[Brief] Write out exactly the lines from the one containing "Мастурбатор-полуторс Hera Big" to the end of the material, both ends included, and nothing else. Leave pictures out.

--- Raw data Enclosed Below ---

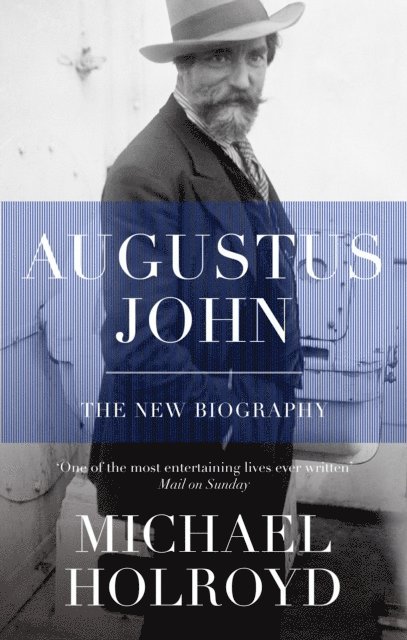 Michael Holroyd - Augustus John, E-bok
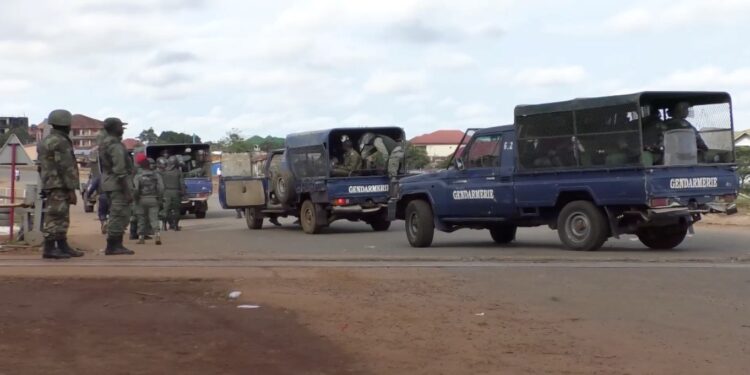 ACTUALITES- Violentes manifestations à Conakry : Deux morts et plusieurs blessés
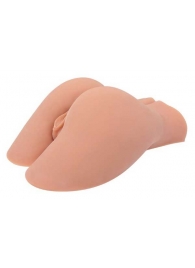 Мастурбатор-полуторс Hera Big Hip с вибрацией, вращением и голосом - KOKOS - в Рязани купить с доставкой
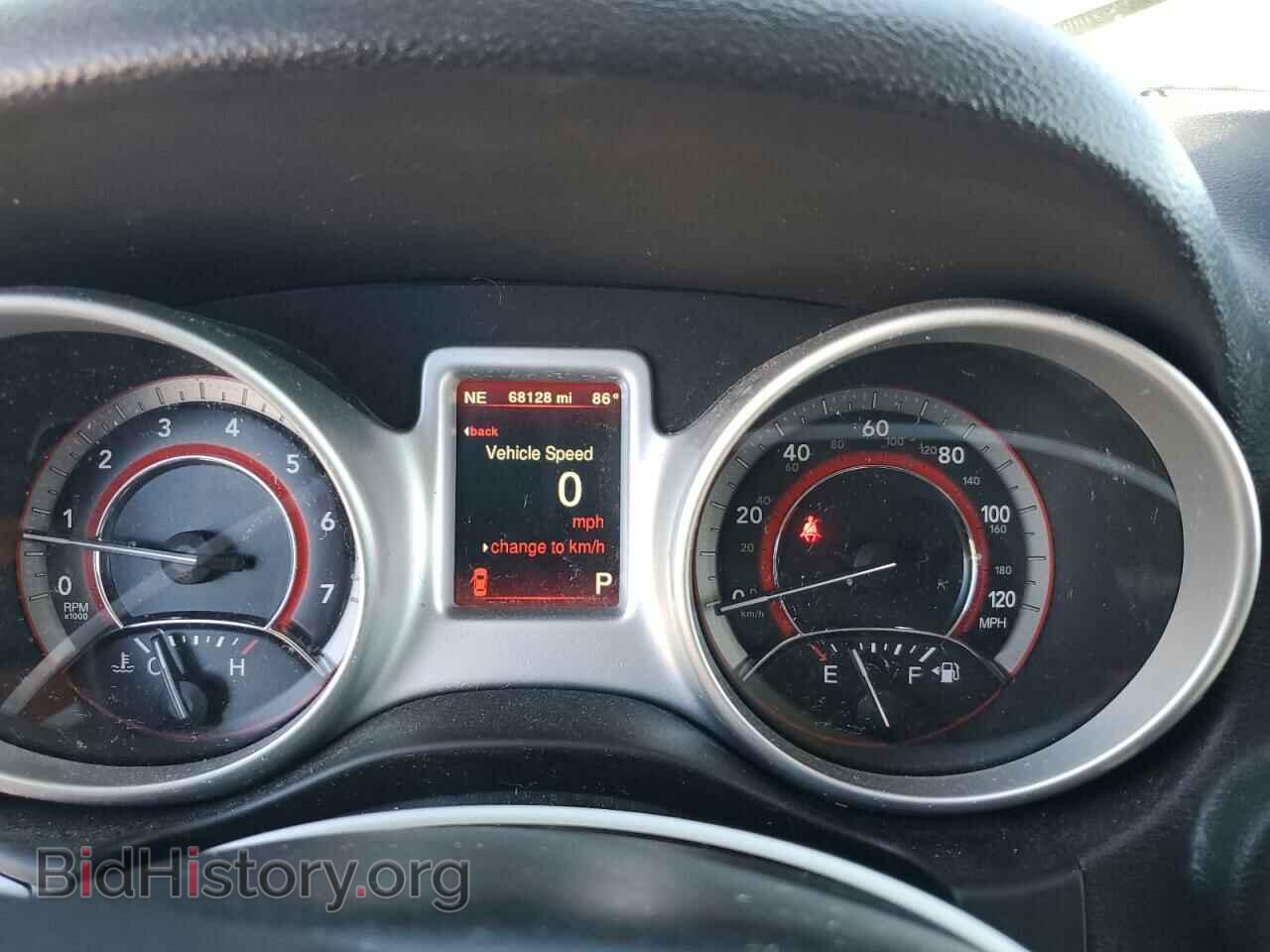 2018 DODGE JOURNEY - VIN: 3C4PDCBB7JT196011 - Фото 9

--- End of Enclosed Raw data ---

[Response area]
 Мастурбатор-полуторс Hera Big Hip с вибрацией, вращением и голосом - KOKOS - в Рязани купить с доставкой
 2018 DODGE JOURNEY - VIN: 3C4PDCBB7JT196011 - Фото 9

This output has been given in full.